IL N'Y A QUE QUELQUES ANNÉES, LE PRIX BARIL AVAIT FORTEMENT GRIMPÉ ET L'ON PARLAIT, ENTRE ÉCONOMISTES COMPÉTENTS, D'UN OR NOIR TRÈS CHER LORSQUE LA BARRE DES 50 DOLLARS AVAIT ÉTÉ FRANCHIE. CELLE-CI A DE NOUVEAU ÉTÉ ATTEINTE HIER. ALORS, ON DIT QUOI ?…
Ceux qui ont de l'humour à revendre affirmeront : "on ne dit rien, puisque chez nous, les pompes sont vides". Enfin, presque toutes, ou beaucoup, assez pour angoisser et même plus tous les Français motorisés. Il y a donc bien un aspect incongru dans le fait de souligner qu'hier à la Bourse de New-York, le baril de brut a tutoyé le cap fatidique des 50 billets verts.
Les habitués du commentaire inspiré et immédiat (qui inondent les talk-shows sur les petits écrans) sont, selon le principe admis, "ceux qui savent". Comme chacun peut le constater, ils continuent leurs développements à propos d'un pétrole jugé bon marché. Si les 50 dollars atteints hier constituent une sorte de point focal, il y a un bon moment que ce liquide gluant se négocie dans les 48, 49 et presque 50 unités monétaires du Pays de l'Oncle Tom. En gros, un tarif qui évolue dans la même zone depuis plusieurs semaines, ce qui ne modifie en rien les discours. Quand commençait à se profiler "la crise", celle de 2008, largement alimentée par des actions spéculatives pas trop recommandables, le passage à ce même niveau avait été estimé lourd tout court et de fait lourd de conséquences pour tous. Il correspondait en outre, expliquait-on, à un niveau élevé auquel il faudrait s'habituer. Ce qui était faux, tout le monde s'en étant rendu compte quand de 50, le baril est monté à 70 dollars. Nous connaissons la suite, jusqu'au moment où, affiché à 150 dollars, certains de ces "experts qui savent" pronostiquaient avec assurance du 200 dollars minimum pour bientôt. Et c'est alors que le fameux fût a entamé sa glissade jusqu'à... 30 dollars.

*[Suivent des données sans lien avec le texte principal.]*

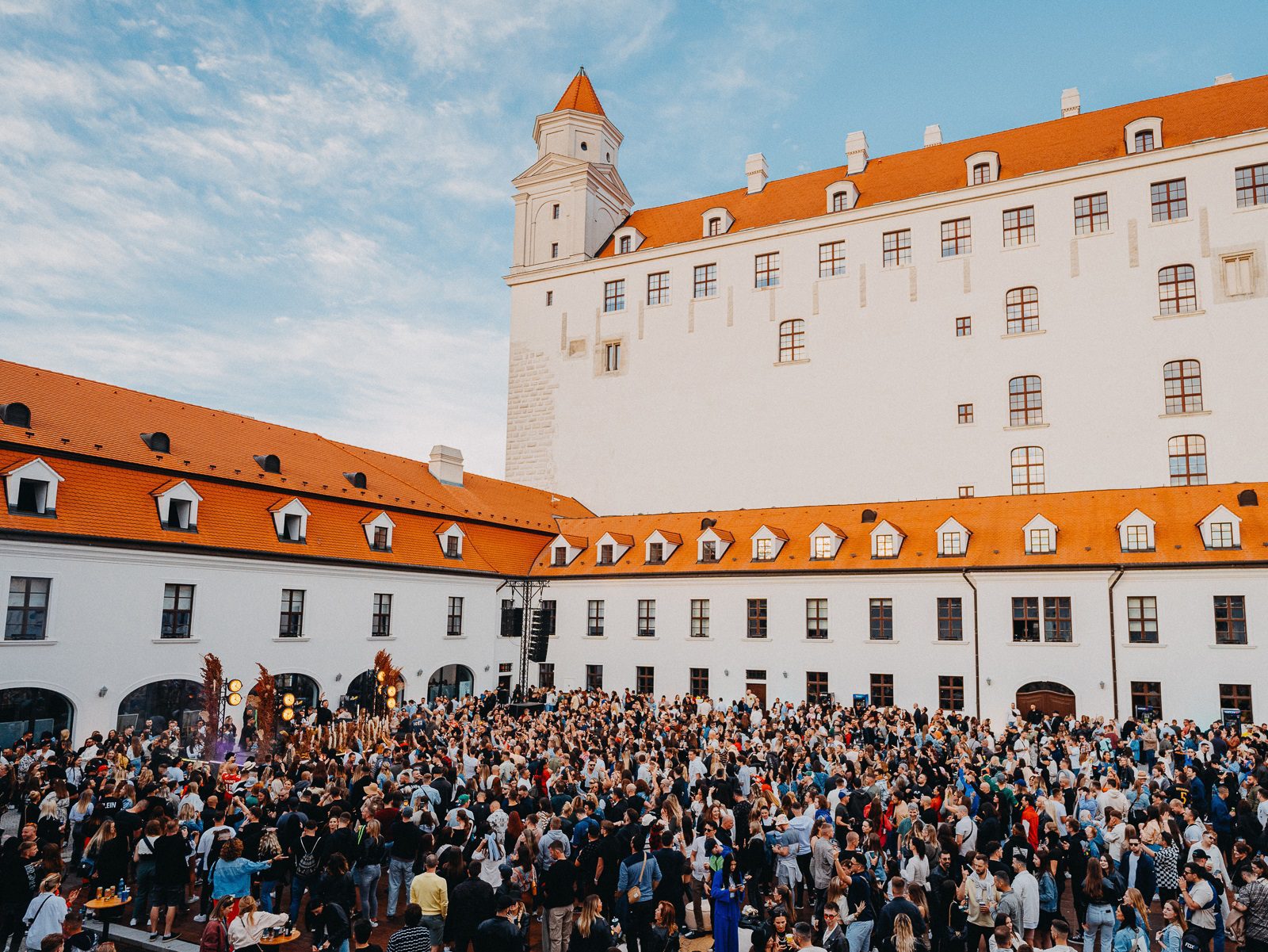 3_Hurricane_DJ EKG_Sonnenuntergang Boulevard_Bratislavsky hrad_Meyer Ton_Beleuchtung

Dans les métiers liés à la consommation, chacun sait que les grimpettes de ce genre ne sont jamais dépourvues d'effets. Rappelons aussi que le passage par un pétrole "très bon marché" a servi d'alibi pour l'alourdir, en France, de quelques taxes complémentaires, alors jugées indolores, toutes liées à des causes noblement justifiées. L'Hexagone tient à rester fidèle à ce qu'il est, et a ne jamais se départir des ses "idées fisc". !
Objectivement, l'or noir désormais redevient cher. Et selon des analystes qui n'ont pas le savoir d'autres plus médiatiques, mais sont peut-être "pifométriquement" (pardon d'être un peu cru) plus favorisés par la nature, les explications viennent vite. Ils confient à voix mesurée, dans des couloirs feutrés, qu'après la période compliquée qui a obligé les spéculateurs à raser les murs et à se faire oublier, les affaires reprennent, doucement, mais sûrement. Et avec une certaine expérience ! Comme désormais, personne sur la planète n'ose plus évoquer les effets d'une pénurie, alors que les ressources naturelles sont visiblement colossales, on se rattrape avec ce que l'on peut. Comme par exemple des arguments dans lesquels la survie de la planète est peut-être en question. Il ne nous appartient pas de trancher sur le plan.
En revanche, il est clair que les consommateurs sentent doucement le passage à la pompe redevenir moins indolore, et qu'il faut sans plus attendre envisager des arbitrages imposés à la clientèle, ce dont les produits liés aux loisirs sont rarement épargnés.